Assigned task: Everything from the line with "Pixel Art Poster" to the final line of the entries is to be set down exactly, except the pictures.
╭──
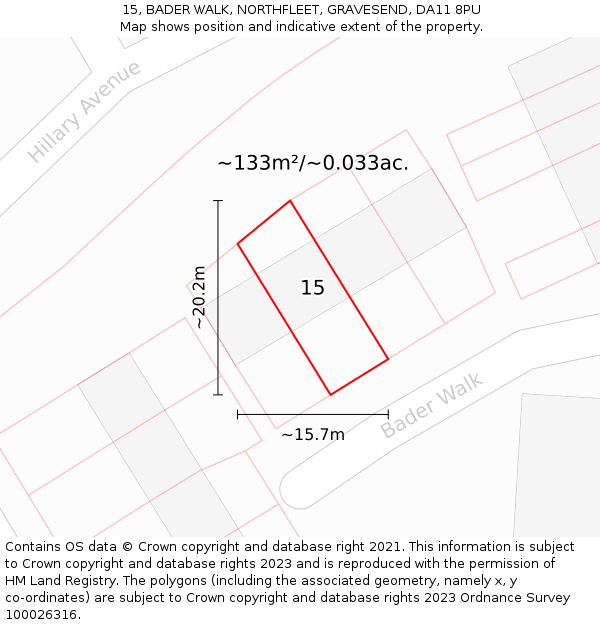 15, BADER WALK, NORTHFLEET, GRAVESEND, DA11 8PU: Plot and title map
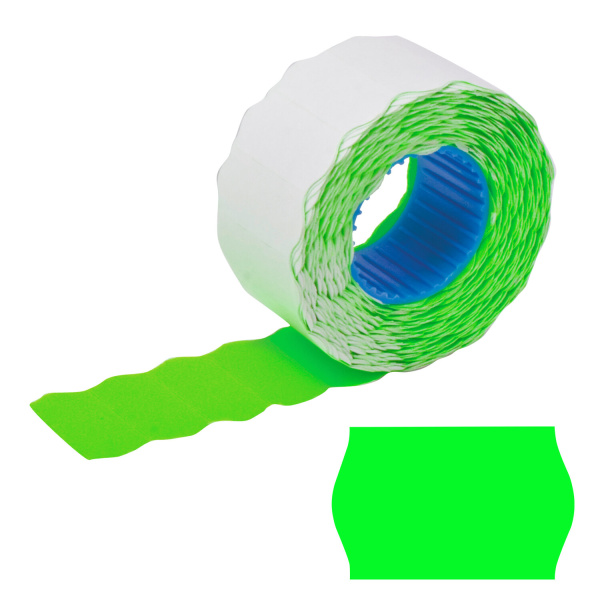 Этикетки PN 22*12мм BRAUBERG, КОМПЛЕКТ 5 рул. по 800 шт., волна, зел., (пистолет 290343), 123575ДКС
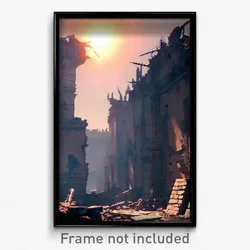 Pixel Art Poster - Damaged Ramparts (8 Bit Psychedelic Trippy Video Game Print)
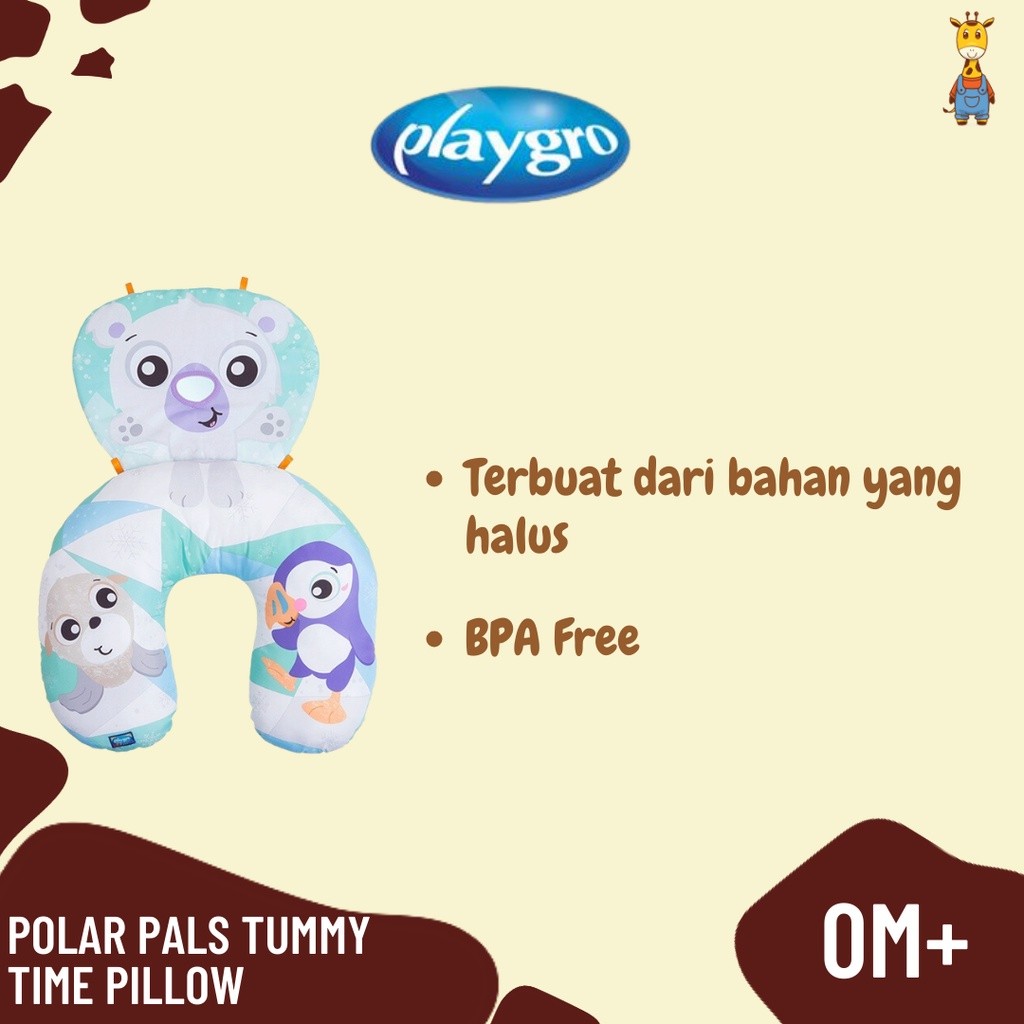 Playgro Polar Pals Tummy Time Pillow - Bantal Tummy Time Bayi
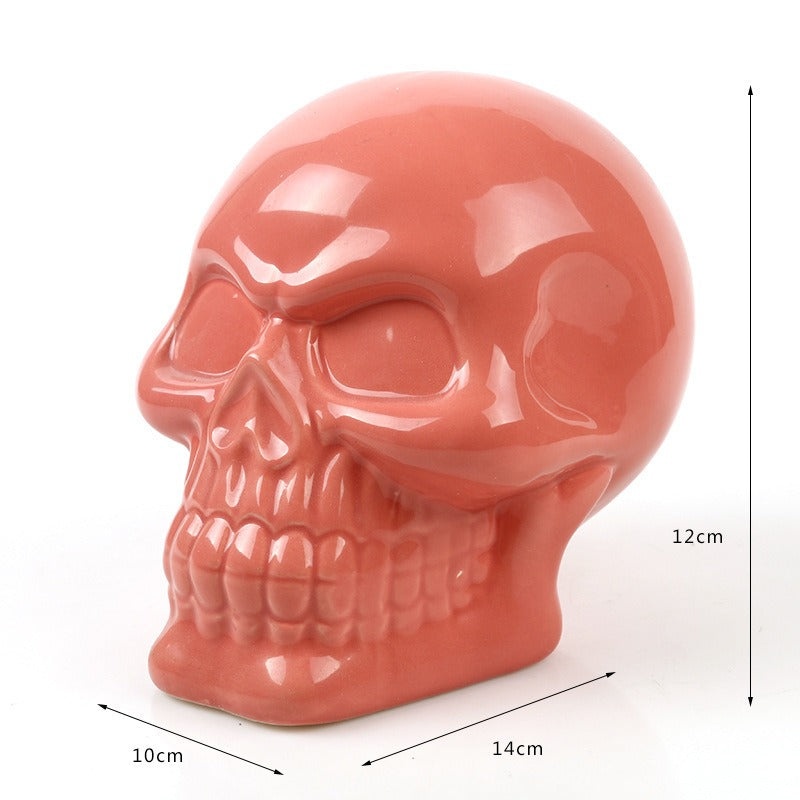 Pink Skull Piggy Bank for Stylish Decorative Savings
╰──
Task result:
 Pixel Art Poster - Damaged Ramparts (8 Bit Psychedelic Trippy Video Game Print)
 Playgro Polar Pals Tummy Time Pillow - Bantal Tummy Time Bayi
 Pink Skull Piggy Bank for Stylish Decorative Savings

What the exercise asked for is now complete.